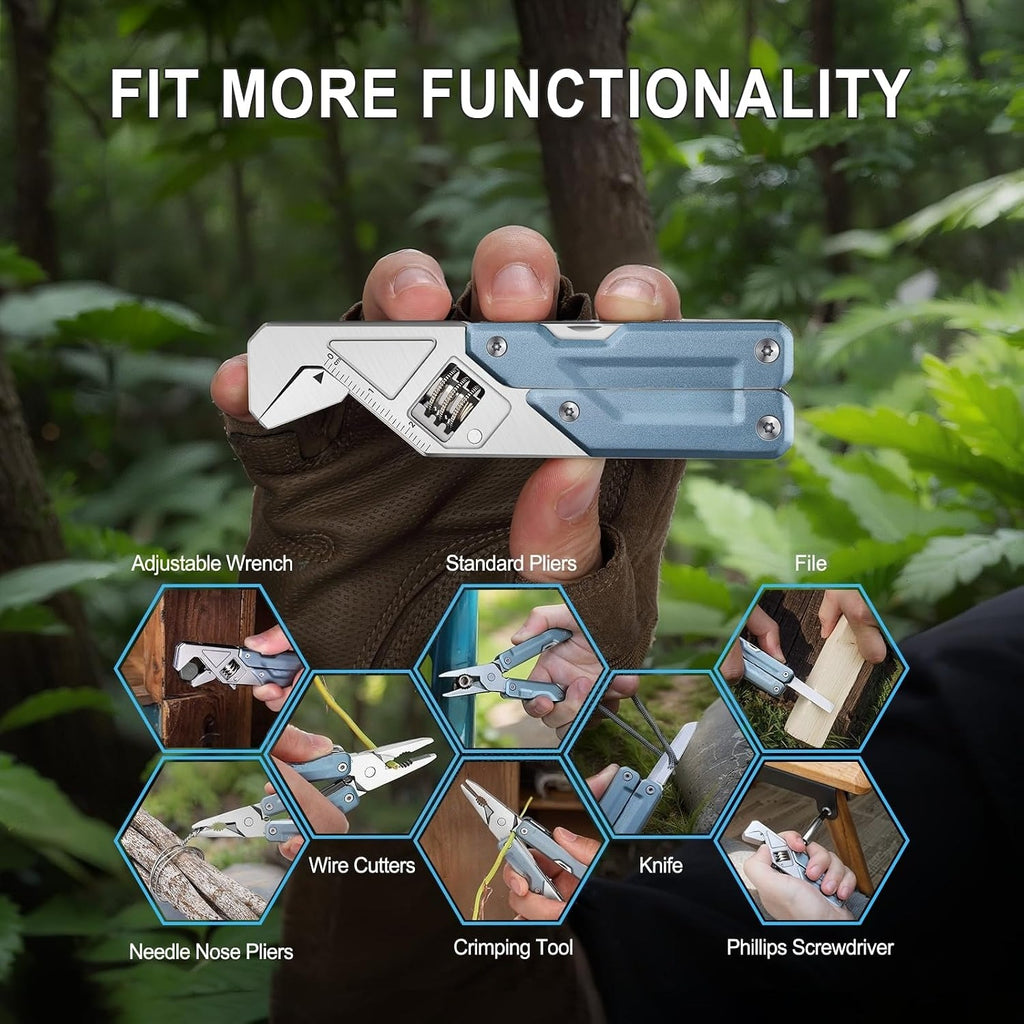 W2 Multi-tool with Adjustable Wrench, 8-in-1 EDC Tool | Wide Jaw Opening Wrench, Multitool pliers, Safety Locking, 9 bits set, Easy to Carry for Cycling, Outdoor, Repairs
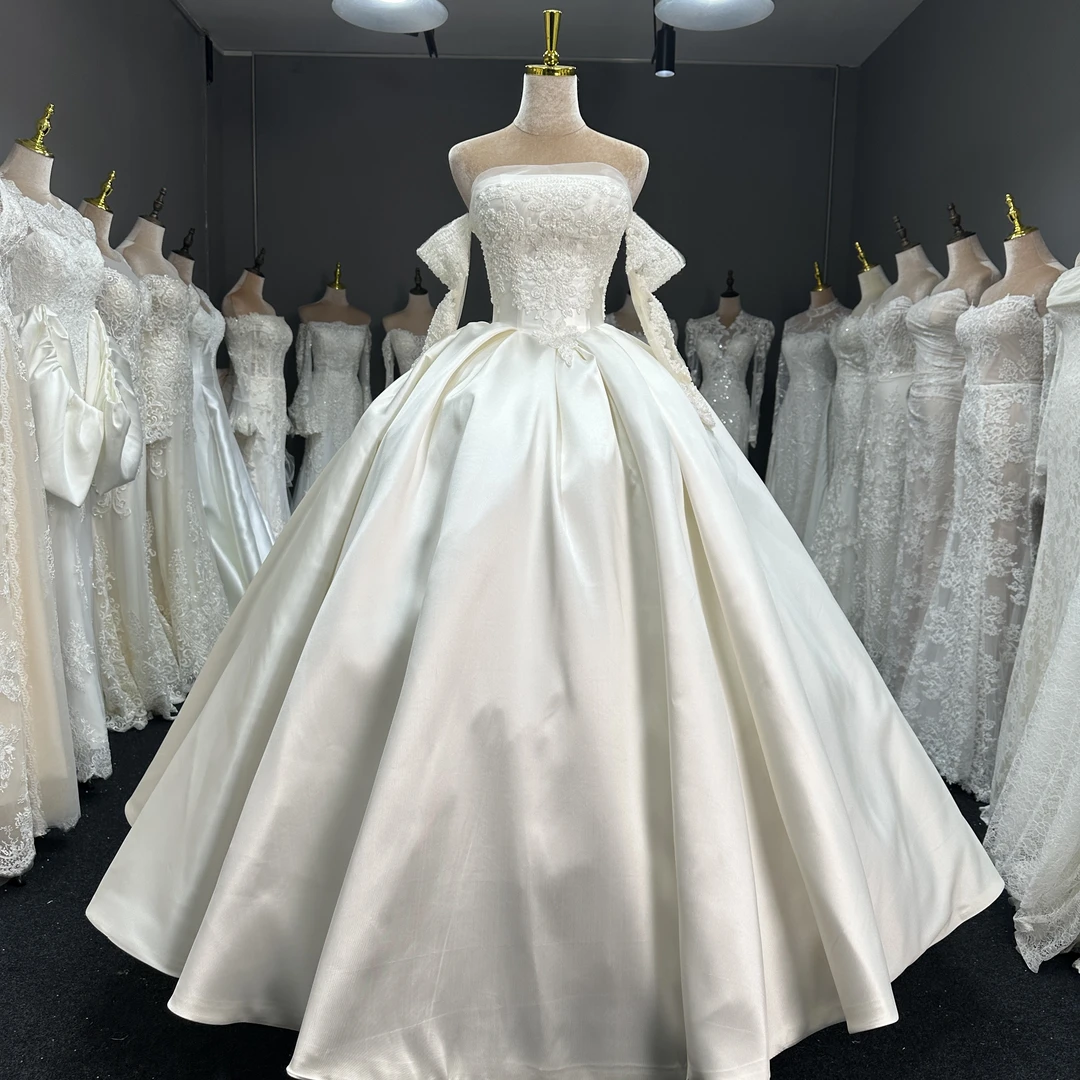 （LOEVER婚纱工厂）缎面婚纱小个子款(可定做)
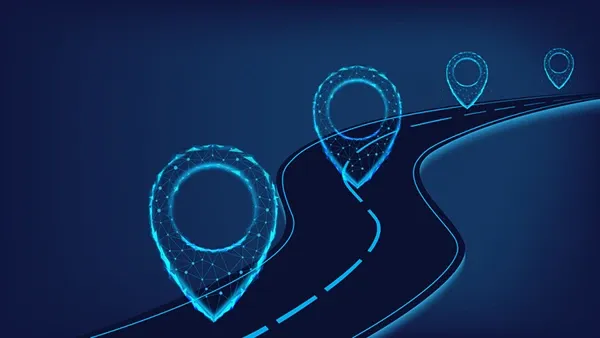 Illustration of a winding road with glowing blue location pins, representing a career path, roadmap, or professional journey.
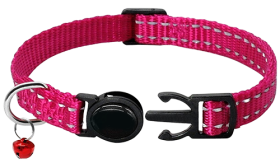 Reflective pink breakaway cat collar, durable and strong, reflective and lightweight nylon material.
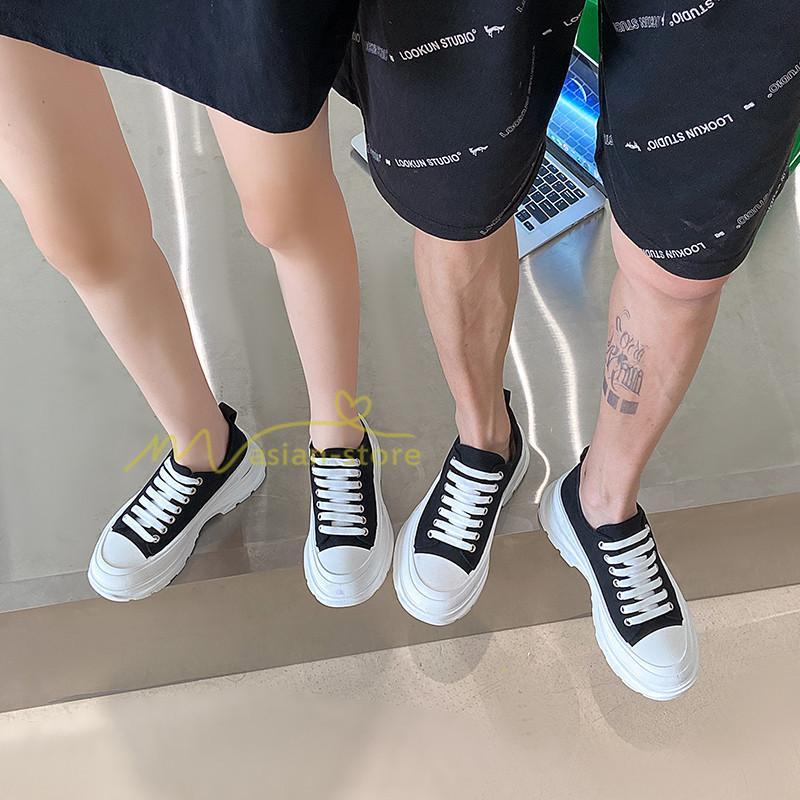 スニーカー | スニーカー レディース メンズ レディースシューズ ローカット 靴 ウォーキングシューズ キャンバス 美脚 お揃い Pu革 歩きやすい 厚底送料無料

## YOUR GOAL
The response should consist of the lines above from the first through the one containing "Reflective pink breakaway", transcribed exactly, with every picture left out.

## ANSWER
 W2 Multi-tool with Adjustable Wrench, 8-in-1 EDC Tool | Wide Jaw Opening Wrench, Multitool pliers, Safety Locking, 9 bits set, Easy to Carry for Cycling, Outdoor, Repairs
 （LOEVER婚纱工厂）缎面婚纱小个子款(可定做)
 Illustration of a winding road with glowing blue location pins, representing a career path, roadmap, or professional journey.
 Reflective pink breakaway cat collar, durable and strong, reflective and lightweight nylon material.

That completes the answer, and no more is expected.